The mine sites are another matter. As usual, prospect holes, dumps and shafts dot the landscape. The Gold Bar property had at least four shafts and two adits. A crude headframe still stands over one of these shafts, but the huge ore bin and headframe of the main working shaft has disappeared. The Gold Bar Mill was long ago carted away, as described above, but the concrete and brick foundations of the mill still mark the site.
The Homestake-King ruins are far more impressive. Situated towards the top of the hill is the large working area where the main hoisting shaft of the Homestake-King was located. Extensive timber ruins of the collapsed headframe mark the spot, and the visitor can easily see the double compartment, timbered shaft under the headframe ruins. Three shafts and an adit are below the main shaft, and several more shafts may be found across the top of the ridge to the north, on the old Gold King property.
The best, however, has been saved for the last. By following the old ore road around the side of the hill from the Homestake-King shaft, one arrives at the top of the Homestake-King Mill site. Although the only remains of the mill are the concrete foundations, the very size of those foundations is utterly impressive. Six parallel rows of foundation walls step down the side of the mill for several hundred feet. Some of the foundation walls are eighty feet from side to side, and rise fifteen feet above the slope of the hill. In addition, several piles of timber debris and one large collection of used cyanide flasks may be found.

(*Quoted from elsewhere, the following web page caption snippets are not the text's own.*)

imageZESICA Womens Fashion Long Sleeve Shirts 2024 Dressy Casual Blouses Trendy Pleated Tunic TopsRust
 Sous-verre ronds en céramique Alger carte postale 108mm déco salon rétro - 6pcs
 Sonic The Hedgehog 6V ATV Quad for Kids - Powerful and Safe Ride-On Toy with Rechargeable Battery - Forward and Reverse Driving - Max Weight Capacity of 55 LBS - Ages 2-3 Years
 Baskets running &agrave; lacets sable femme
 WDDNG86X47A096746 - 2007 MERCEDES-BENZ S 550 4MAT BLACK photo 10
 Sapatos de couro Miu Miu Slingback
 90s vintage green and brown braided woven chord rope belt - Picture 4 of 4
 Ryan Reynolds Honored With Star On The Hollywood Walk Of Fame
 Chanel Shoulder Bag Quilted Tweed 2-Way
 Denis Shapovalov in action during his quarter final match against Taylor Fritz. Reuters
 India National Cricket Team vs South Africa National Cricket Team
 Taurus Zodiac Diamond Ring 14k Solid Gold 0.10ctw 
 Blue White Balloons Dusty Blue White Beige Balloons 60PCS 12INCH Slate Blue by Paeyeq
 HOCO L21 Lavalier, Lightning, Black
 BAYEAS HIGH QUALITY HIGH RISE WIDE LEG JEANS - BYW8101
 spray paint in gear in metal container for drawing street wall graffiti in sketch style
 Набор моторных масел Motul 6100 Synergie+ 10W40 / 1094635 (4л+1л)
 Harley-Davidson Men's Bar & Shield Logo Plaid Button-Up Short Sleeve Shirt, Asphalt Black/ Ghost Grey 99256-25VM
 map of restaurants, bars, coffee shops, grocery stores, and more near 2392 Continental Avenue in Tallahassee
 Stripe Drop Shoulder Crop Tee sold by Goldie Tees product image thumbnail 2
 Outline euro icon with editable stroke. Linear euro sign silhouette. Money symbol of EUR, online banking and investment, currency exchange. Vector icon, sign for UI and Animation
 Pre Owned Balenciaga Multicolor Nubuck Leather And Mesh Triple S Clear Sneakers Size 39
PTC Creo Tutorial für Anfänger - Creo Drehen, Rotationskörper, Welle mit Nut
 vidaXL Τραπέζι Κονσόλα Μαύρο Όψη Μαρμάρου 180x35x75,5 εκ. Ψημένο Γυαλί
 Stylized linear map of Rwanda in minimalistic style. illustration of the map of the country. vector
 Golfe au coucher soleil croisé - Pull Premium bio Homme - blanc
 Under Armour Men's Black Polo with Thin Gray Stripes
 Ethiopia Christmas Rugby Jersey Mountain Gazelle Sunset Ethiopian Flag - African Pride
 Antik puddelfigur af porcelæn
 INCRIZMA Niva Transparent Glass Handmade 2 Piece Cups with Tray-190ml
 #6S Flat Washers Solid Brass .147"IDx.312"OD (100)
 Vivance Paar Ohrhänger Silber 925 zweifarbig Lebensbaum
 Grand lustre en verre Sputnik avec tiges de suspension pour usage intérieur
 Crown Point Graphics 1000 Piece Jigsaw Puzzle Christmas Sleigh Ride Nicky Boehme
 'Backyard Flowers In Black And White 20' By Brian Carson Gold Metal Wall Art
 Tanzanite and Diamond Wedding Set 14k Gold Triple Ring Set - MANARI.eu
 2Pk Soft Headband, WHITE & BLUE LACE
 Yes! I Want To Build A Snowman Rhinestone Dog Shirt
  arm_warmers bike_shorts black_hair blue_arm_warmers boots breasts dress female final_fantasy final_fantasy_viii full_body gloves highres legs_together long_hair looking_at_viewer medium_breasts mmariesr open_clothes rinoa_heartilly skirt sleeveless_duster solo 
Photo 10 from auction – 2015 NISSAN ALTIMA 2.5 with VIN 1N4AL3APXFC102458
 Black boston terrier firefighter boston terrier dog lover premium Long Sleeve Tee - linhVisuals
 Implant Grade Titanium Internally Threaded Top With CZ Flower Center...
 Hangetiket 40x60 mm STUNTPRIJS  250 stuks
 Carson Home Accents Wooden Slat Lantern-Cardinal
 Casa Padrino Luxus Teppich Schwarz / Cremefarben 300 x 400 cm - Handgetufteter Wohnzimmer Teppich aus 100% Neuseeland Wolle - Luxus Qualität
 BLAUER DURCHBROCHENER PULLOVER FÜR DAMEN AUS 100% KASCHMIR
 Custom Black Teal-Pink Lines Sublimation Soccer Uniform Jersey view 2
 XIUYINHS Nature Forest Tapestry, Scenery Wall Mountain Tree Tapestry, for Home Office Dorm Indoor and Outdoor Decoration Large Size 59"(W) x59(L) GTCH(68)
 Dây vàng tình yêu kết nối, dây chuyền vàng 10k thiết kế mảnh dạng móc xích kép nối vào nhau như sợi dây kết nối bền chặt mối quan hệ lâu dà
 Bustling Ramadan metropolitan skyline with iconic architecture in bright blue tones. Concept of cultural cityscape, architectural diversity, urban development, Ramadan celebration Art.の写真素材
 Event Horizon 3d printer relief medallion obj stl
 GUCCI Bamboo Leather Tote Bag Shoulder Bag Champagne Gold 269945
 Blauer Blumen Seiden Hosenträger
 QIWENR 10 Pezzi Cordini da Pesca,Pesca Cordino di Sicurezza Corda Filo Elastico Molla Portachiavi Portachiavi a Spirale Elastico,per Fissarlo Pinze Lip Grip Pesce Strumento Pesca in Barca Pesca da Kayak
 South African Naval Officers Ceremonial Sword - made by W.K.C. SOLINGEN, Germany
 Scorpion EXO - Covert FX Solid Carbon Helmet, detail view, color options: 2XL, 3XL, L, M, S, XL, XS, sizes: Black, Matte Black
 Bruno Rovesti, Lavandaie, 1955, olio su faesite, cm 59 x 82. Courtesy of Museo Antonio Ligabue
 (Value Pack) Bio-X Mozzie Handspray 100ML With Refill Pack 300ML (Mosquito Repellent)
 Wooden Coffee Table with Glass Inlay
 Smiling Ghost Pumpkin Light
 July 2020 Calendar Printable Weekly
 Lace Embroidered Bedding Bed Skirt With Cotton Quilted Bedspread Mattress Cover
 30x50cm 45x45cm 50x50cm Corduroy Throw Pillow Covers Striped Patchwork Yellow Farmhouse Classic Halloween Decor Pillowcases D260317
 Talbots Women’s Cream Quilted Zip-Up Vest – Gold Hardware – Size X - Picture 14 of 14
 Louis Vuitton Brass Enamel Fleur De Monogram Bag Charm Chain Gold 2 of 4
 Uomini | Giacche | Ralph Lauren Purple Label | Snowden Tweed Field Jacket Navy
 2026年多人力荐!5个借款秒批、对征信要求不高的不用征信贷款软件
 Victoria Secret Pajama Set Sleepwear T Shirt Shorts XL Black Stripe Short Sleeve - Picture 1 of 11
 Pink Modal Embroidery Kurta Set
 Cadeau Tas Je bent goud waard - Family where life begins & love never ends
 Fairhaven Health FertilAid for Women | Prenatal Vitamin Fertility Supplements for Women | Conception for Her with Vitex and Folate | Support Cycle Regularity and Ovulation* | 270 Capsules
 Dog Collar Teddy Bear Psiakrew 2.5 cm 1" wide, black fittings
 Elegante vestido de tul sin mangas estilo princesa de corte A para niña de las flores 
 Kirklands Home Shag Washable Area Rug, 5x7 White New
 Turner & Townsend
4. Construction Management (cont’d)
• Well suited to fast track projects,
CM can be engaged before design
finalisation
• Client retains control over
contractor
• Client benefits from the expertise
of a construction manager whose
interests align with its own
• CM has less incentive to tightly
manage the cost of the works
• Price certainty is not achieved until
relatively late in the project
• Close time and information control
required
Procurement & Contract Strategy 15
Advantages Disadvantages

But the concrete foundations of the Homestake-King Mill, situated on the side of the hilt looking south towards Bullfrog Mountain, clearly dominate the scene. The mill foundations. are visible for miles away from the desert floor, and grow more and more impressive as one nears the site. The sheer size of the ruins, contrasted with the quiet desertion of the desert around it, forces the viewer to attempt to grasp the seemingly illogical fact that this rather isolated and desolate portion of the Nevada desert once teemed with life, activity, and hope.
The Gold Bar-Homestake complex, quite obviously, should be protected, preserved, and interpreted. The protection and preservation efforts should be centered around the mill foundations of the Gold Bar and the Homestake-King. Although both foundation sites seemed stable enough to the untrained eye of an historian, a more expert opinion should be obtained, in order to prevent any future damage to these impressive remains. The interpretation of this area, like that of the rest of the Bullfrog District which falls within the Monument boundaries, is absolutely non-existent at present. At the very least, signs or exhibits which identify the remains should be posted. At best, the vast potential interpretive value of this complex should be utilized. As stated before, this site offers the unique opportunity to compare and contrast two opposite extremes of the mining business as practiced in the early twentieth century.
As a final note, the Monument should immediately make some effort to mark its boundaries. The visitor, especially one with access to a four-wheel drive vehicle, has a choice of almost a dozen routes to take to the Homestake-Gold Bar area. Few of these roads are marked with National Park Service boundary signs, which would warn the traveler that he has entered a protected domain. Given the proliferation of souvenir and rock hunters found in this area, the marking of the boundaries is the most critical passive measure of protection which could be given to this complex.